At least one other councillor is reacting with disappointment at the news.
“I was shocked to find out the taxpayers of Collingwood didn’t get the buildings they paid for, based on the information” in the release of documents, said Councillor Joe Gardhouse, who didn’t know what had taken place until he reviewed the documents prior to their release to the E-B. He has since sent a letter to interim town manager John Brown with several questions with regard to the buildings and process.
“I was under the complete understanding we were getting the buildings as described” to council at the Aug. 27, 2012 meeting,” said Gardhouse, who voted against the purchase of the building over the pool. “I would not have voted for the arena without the Sprung Shield as illustrated.”

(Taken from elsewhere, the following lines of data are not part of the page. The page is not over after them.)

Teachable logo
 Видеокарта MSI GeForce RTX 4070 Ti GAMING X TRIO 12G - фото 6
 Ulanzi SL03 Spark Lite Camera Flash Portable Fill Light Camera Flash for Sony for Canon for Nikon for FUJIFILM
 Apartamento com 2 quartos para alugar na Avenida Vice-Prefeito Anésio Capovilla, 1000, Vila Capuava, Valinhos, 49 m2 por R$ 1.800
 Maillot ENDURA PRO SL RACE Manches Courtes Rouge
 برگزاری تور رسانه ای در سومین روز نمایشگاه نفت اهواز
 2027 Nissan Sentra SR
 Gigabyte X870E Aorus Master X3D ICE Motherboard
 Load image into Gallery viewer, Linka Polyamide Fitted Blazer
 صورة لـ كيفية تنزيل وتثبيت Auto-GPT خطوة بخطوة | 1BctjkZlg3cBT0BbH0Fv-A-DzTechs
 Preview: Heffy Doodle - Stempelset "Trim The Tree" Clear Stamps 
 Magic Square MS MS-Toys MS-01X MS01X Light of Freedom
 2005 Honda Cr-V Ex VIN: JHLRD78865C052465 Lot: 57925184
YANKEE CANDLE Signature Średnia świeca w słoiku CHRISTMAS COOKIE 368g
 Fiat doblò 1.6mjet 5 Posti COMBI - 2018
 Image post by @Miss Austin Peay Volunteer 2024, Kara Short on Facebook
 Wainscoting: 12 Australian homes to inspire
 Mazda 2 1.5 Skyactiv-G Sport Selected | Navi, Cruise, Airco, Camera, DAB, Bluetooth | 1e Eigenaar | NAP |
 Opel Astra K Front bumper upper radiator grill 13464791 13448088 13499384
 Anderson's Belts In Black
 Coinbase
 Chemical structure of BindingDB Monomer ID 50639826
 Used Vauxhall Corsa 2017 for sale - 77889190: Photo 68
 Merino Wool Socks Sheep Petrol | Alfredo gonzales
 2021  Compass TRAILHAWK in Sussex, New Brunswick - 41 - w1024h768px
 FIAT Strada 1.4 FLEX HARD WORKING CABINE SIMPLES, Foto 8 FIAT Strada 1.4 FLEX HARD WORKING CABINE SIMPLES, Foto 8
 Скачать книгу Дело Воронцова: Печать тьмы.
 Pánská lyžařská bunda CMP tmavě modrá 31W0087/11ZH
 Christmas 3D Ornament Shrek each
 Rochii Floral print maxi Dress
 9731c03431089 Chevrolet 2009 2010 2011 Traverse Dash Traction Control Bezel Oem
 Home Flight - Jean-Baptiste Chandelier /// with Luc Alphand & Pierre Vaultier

Councillor Dale West, though, says he would like to understand the context of the July 27 meeting, and whether it was part of staff’s fact-finding as directed by council 11 days earlier.
“I would be more concerned if that meeting was held before July 16,” he said, adding he was unable to say whether he expected the component to be part of the buildings or not. “I can’t say I made the decision based on a component… but I was surprised it wasn’t there,” he said.
“On (Aug. 27), I was honestly expecting that Sprung would be an option… I was expecting that there would be alternatives, and that council would be say, ‘yes, we want to proceed with this… and now we want to determine the format’, and go with an RFP and get the best available product,” said Hull. “In the end, Sprung would have been the best alternative… but we never went down that path.
“Why we never went down that path, to this day, really bothers me, and quite frankly, and it bothers any professional I talk to who is in the planning, engineering, architectural business, because there was no rationale… to sole source one product.”